Return only the lines from the one that contains "USB-C v HDMI" through the last line of the records below, exactly as they stand. Pictures are not part of the copy.

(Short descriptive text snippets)
━━━━━━━━━━━━━━━━
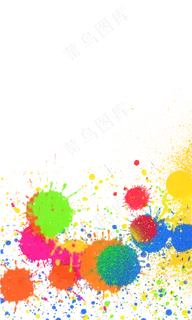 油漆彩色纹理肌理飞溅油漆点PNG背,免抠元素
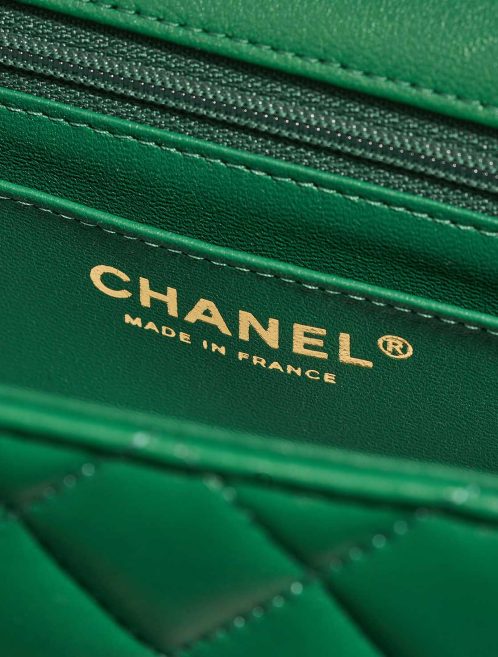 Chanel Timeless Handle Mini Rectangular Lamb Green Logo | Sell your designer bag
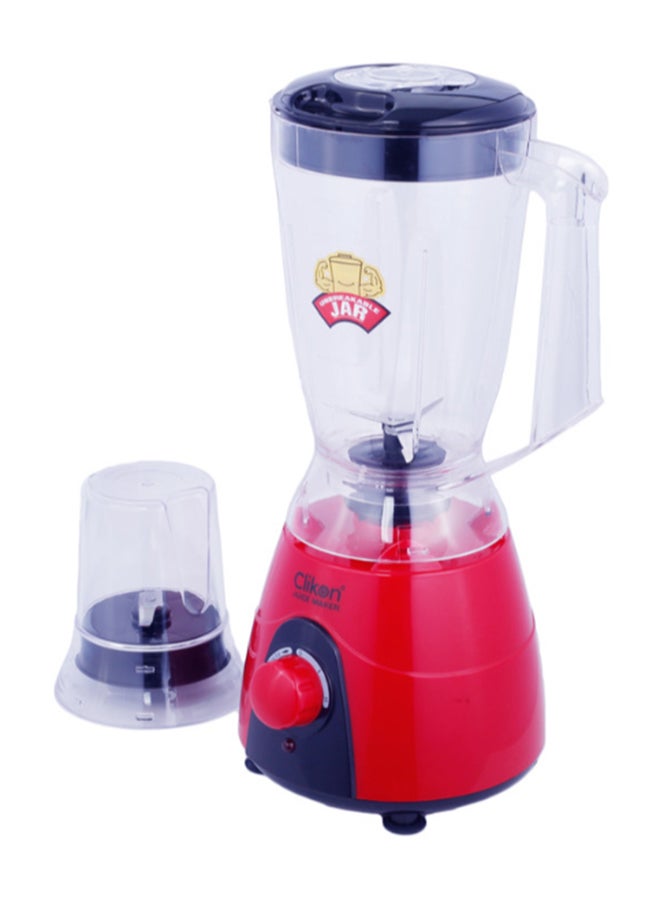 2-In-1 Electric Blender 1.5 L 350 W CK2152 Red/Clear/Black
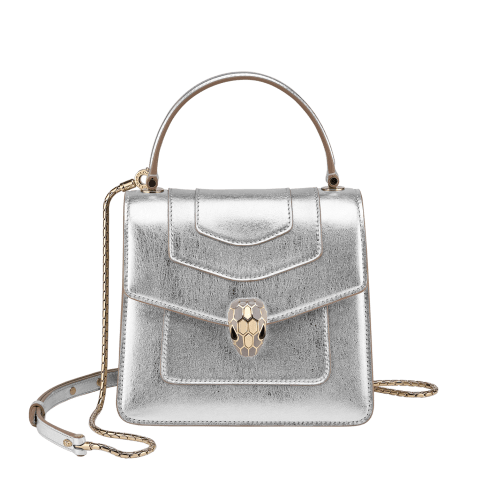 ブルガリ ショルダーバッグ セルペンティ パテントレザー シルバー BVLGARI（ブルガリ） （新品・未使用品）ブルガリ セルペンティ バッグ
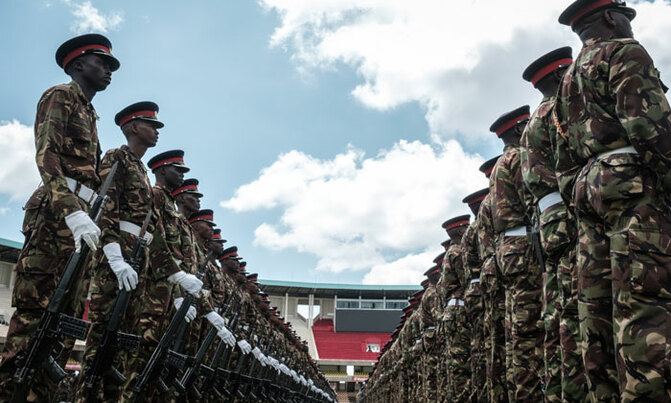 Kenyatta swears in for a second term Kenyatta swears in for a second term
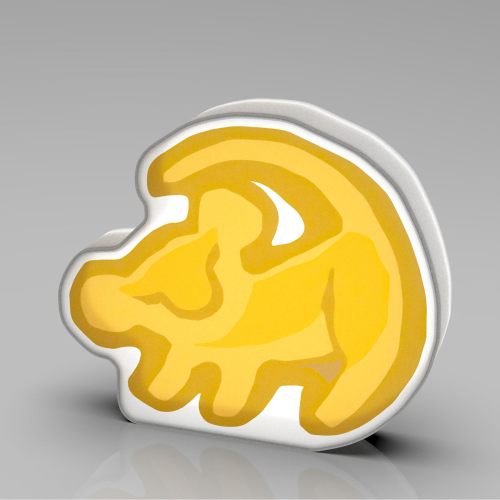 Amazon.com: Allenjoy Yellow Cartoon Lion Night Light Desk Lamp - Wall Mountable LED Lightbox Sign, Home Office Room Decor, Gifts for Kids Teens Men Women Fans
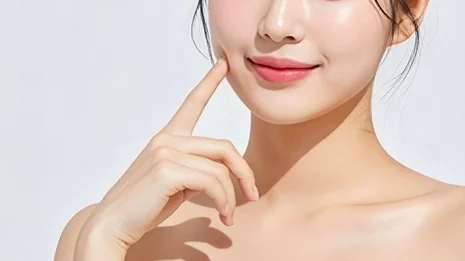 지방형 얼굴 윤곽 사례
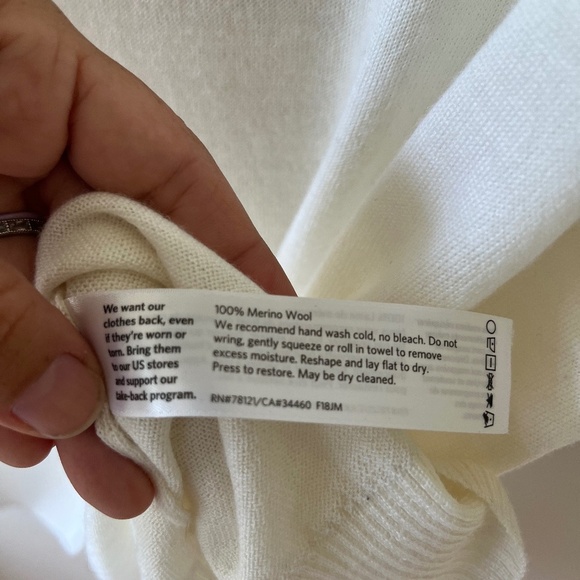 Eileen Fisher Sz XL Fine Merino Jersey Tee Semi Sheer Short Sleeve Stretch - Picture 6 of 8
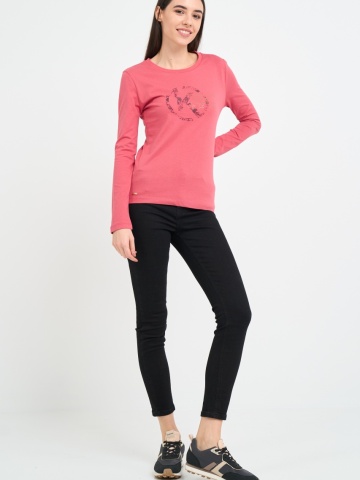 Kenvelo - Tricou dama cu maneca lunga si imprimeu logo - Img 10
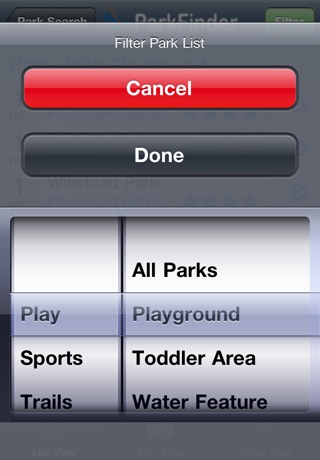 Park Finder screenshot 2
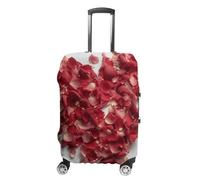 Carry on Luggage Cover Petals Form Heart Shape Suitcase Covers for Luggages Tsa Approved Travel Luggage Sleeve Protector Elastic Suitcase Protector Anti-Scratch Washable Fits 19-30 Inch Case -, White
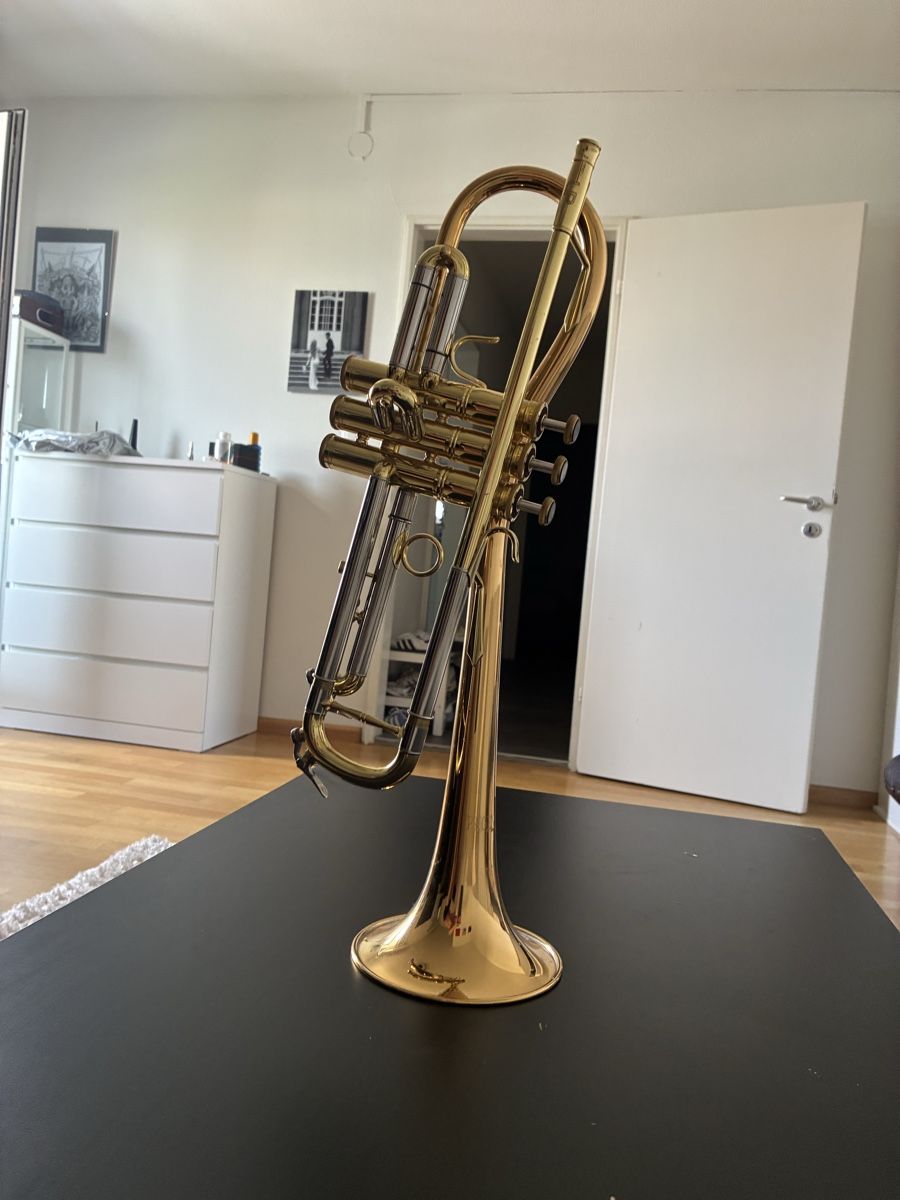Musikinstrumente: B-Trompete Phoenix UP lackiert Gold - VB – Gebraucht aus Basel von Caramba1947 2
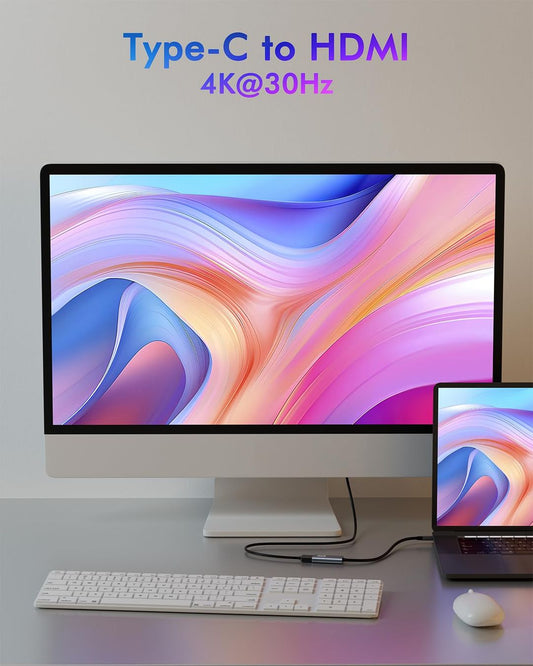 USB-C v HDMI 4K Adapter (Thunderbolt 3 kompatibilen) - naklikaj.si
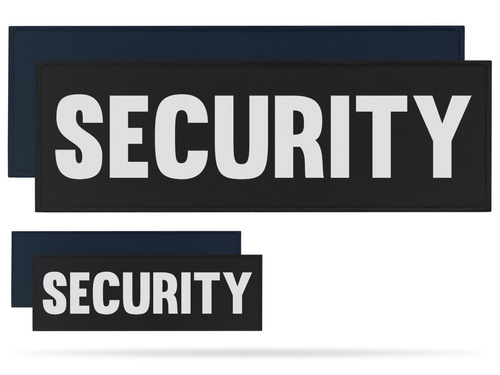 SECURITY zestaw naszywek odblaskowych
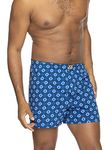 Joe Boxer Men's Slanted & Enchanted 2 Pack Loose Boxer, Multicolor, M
━━━━━━━━━━━━━━━━
Exercise result:
 USB-C v HDMI 4K Adapter (Thunderbolt 3 kompatibilen) - naklikaj.si
 SECURITY zestaw naszywek odblaskowych
 Joe Boxer Men's Slanted & Enchanted 2 Pack Loose Boxer, Multicolor, M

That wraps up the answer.